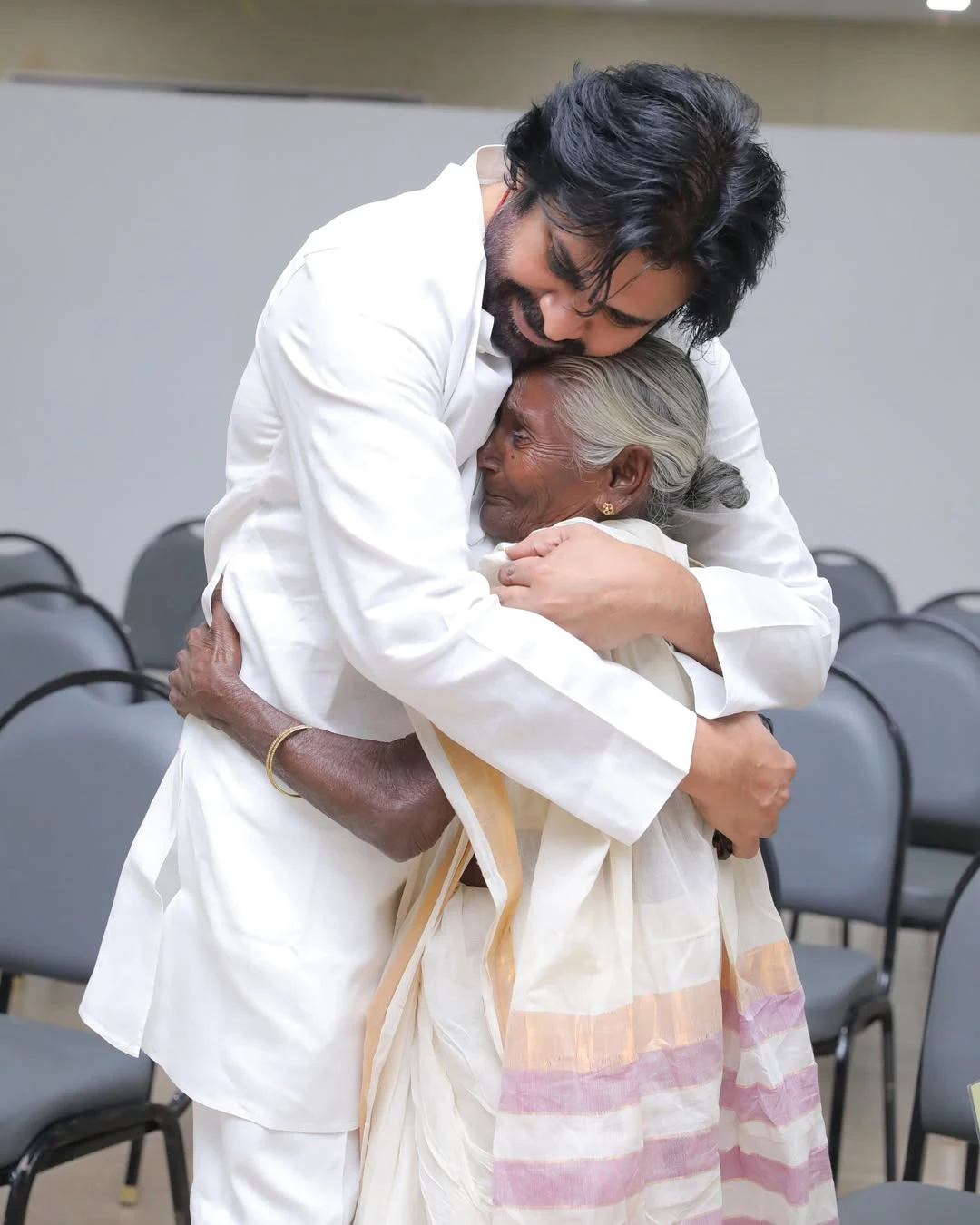 Pawan Kalyan Serve Food to Lady Fan 96 Year Old Women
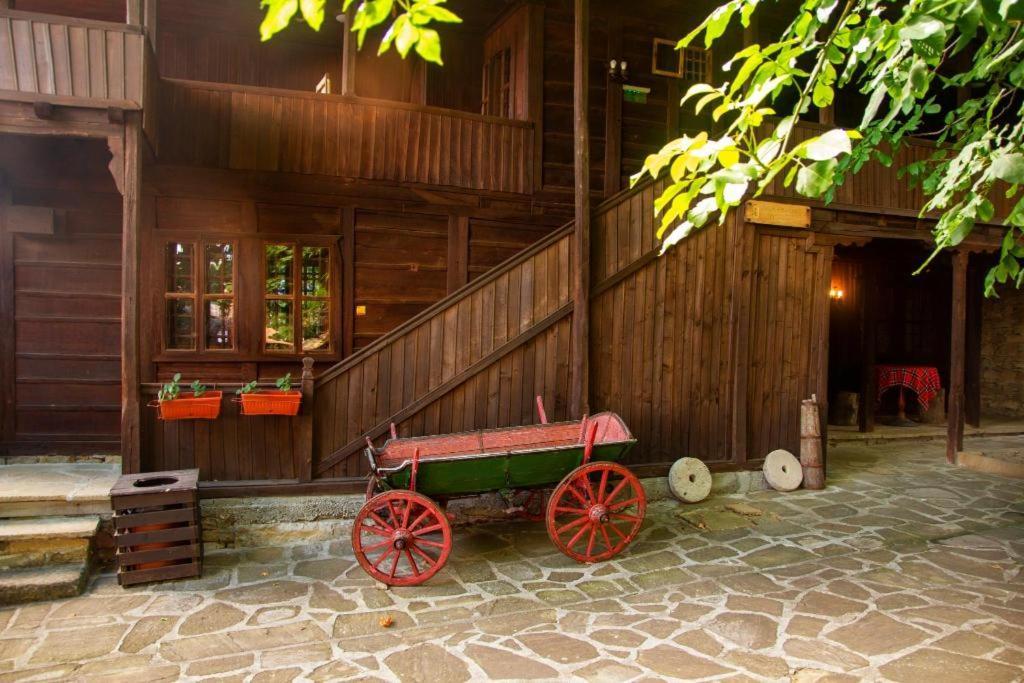 Guest Houses "Zlatna Oresha - Complex" زيرافنا المظهر الخارجي الصورة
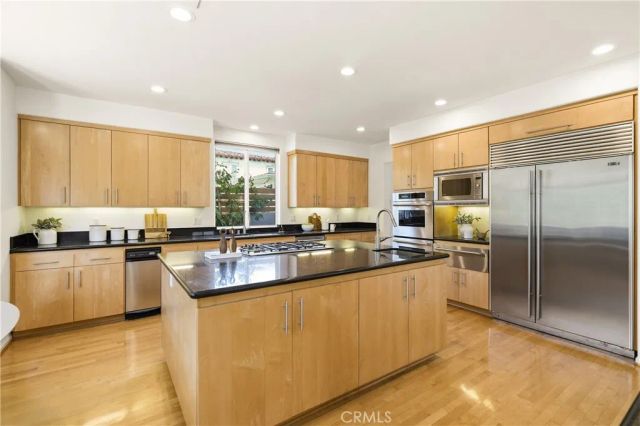 1305 11th, Manhattan Beach, CA 90266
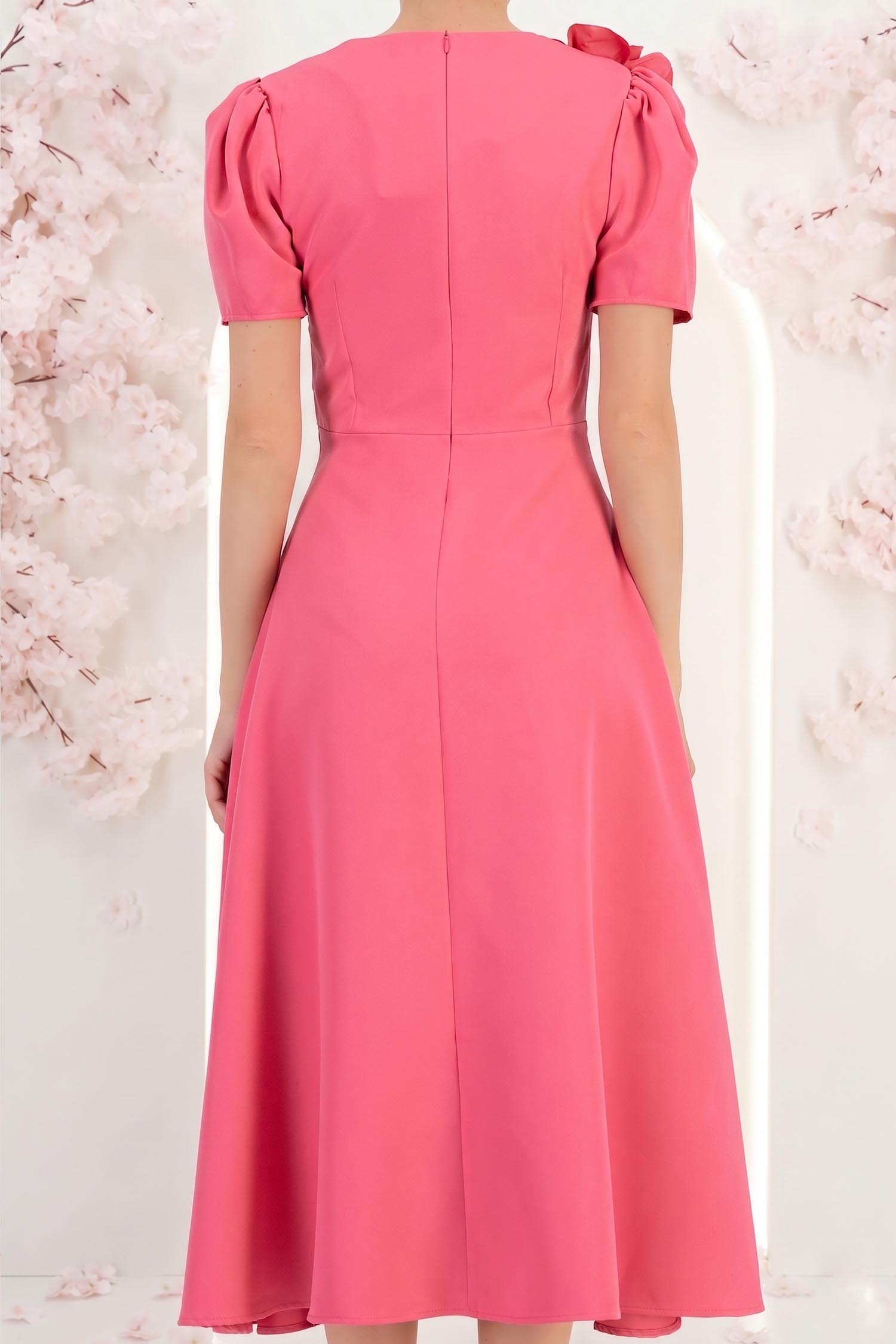 Rochie roz midi in clos accesorizata cu 2 brose 3D - StarShinerS 5 - StarShinerS.ro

• _WHAT YOU HAVE TO DO_: Pictures stay out; the data above is to be returned exactly.

• _EXERCISE RESULT_:
 Pawan Kalyan Serve Food to Lady Fan 96 Year Old Women
 Guest Houses "Zlatna Oresha - Complex" زيرافنا المظهر الخارجي الصورة
 1305 11th, Manhattan Beach, CA 90266
 Rochie roz midi in clos accesorizata cu 2 brose 3D - StarShinerS 5 - StarShinerS.ro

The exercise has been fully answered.